Ce n’est pas la théorie de la relativité ou la mécanique quantique qui mènent le monde… de l’entreprise. Non ! La vie de bureau dépend de principes plus terre à terre. Pourquoi le serveur tombe-t-il toujours en panne au plus mauvais moment ? Comment tant d’incompétents peuvent-ils se hisser en haut des organigrammes ? Pourquoi le temps manque-t-il toujours pour terminer les projets ? Parce que notre vie dans l’entreprise est soumise à des lois d’airain vieilles comme la vie en société. En voici dix. Toutes ont en commun qu’il est quasi impossible de s’y soustraire…

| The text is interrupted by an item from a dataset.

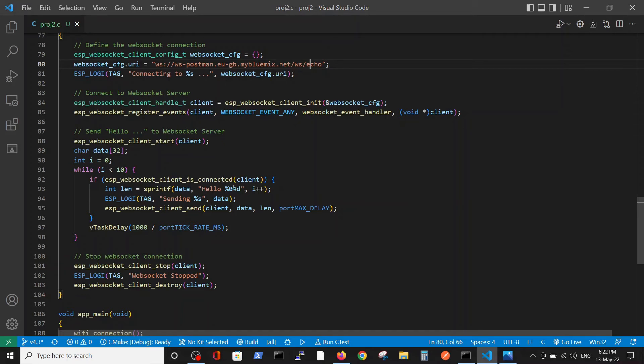We start the connection and begin sending 'hello one', 'hello two', 'hello three', 'hello four', and so on. We expect to receive back exactly the same data.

La loi d’Illich – « Au-delà d’un certain seuil, l’efficacité humaine décroît, voire devient négative » Ivan Illich est surtout connu pour ses travaux en matière d’éducation. Mais ce n’est pas sa seule contribution au progrès de l’humanité. Il a été le premier à remarquer que la vieille loi dite « des rendements décroissants » – connue depuis Turgot et les économistes classiques – s’applique aussi à l’activité humaine. Qu’ont constaté ces pionniers ? Qu’en doublant la quantité de travail agricole on ne double pas la quantité de blé produite. Et que, plus on approche d’une certaine limite, plus il faut ajouter de travail pour obtenir toujours moins de blé supplémentaire. Au-delà, on entre dans la zone dite des rendements décroissants. Illich considère qu’il en va de même pour l’être humain : au-delà d’un certain seuil, son efficacité finit par devenir négative.

> Application : Stakhanov et ses adeptes ont certes noté que, plus on subit de pression, plus on est performant. Certaines personnes ne travaillent jamais aussi bien que sous stress. Mais cela n’est vrai que jusqu’à un certain point. Au-delà, toute dose de stress supplémentaire sera contre-productive.

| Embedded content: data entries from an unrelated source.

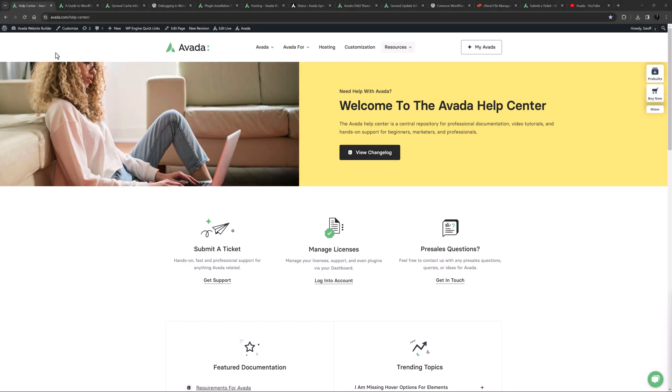Hi everyone, it's Geoff here from Avada. In this video, I'm going to show you how to troubleshoot issues with your website.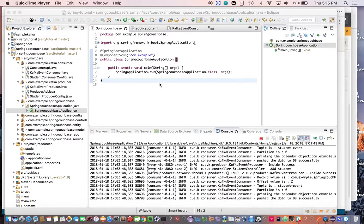Hey guys, welcome back. In this video I'm going to show you an end-to-end integration using Spring Kafka and Couchbase. Let's define our requirement first: the scenario is a user tries to push data to some external data source like Couchbase using a POST API with some request payload as JSON, and they need a JSON response quickly.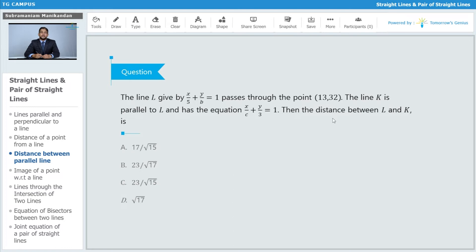The distance between l and k will most probably be found by determining the constants b and c. Once we find b and c, we practically know the equations of both lines, and we can use the distance formula to find the distance between them.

La loi de Pareto –« 20 % des clients rapportent 80 % du chiffre d’affaires ». L’économiste et sociologue italien Vilfredo Pareto (1848-1923) a été le premier à remarquer que la répartition des revenus dans la société n’était pas équitable. Il a constaté que 20 % de la population concentrait 80 % des revenus. Après lui, d’autres économistes ont vérifié que ce principe de répartition était valable dans d’autres domaines. « Dans tout groupe de choses contribuant à un effet commun, la majeure partie de l’effet est attribuable à un nombre relativement faible de ces choses », a confirmé Joseph Juran.

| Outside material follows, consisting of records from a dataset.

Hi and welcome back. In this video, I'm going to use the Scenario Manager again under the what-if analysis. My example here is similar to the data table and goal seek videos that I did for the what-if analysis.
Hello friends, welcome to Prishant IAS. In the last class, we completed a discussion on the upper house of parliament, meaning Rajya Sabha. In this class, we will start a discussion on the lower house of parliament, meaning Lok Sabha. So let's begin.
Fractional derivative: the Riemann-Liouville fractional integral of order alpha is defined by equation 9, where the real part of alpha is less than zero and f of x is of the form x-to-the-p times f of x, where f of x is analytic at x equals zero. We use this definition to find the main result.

Application : Si l’on en croit le bon marquis de Pareto, les services commerciaux devraient s’occuper exclusivement des 20 % de clients qui rapportent les quatre cinquièmes de son chiffre d’affaires à l’entreprise. L’ennui, c’est que par ailleurs, et toujours selon le bon marquis, 20 % des clients sont à l’origine de 80 % des réclamations, coups de fil, plaintes et ennuis en tout genre. S’il s’agissait des mêmes, tout irait pour le mieux. Mais ce n’est évidemment pas le cas. Le même raisonnement vaut pour les salariés. Certes, 20 % d’entre eux abattent 80 % du boulot… Mais comme 20 % d’entre eux apportent également 80 % des ennuis, et que ce ne sont pas les mêmes, le DRH n’est guère mieux loti que son directeur commercial. La vie est mal faite.

La loi de Murphy – « La tartine tombe toujours sur son côté beurré » S’il existe plusieurs manières de faire quelque chose et que l’une d’elles est susceptible d’engendrer une catastrophe, on peut être certain qu’il se trouvera quelqu’un pour la choisir… Voilà ce qu’Edouard A. Murphy, ingénieur à l’US Air Force, déclara innocemment un beau jour de 1949. Une des expériences qu’il supervisait nécessitait l’utilisation de seize capteurs accrochés en divers endroits du corps d’un soldat-cobaye. Il y avait deux façons d’accrocher les capteurs. Une bonne et une mauvaise. Quelqu’un réussit à installer simultanément les seize capteurs dans la mauvaise position. C’est alors que Murphy formula la fameuse loi, qui allait lui valoir une gloire internationale…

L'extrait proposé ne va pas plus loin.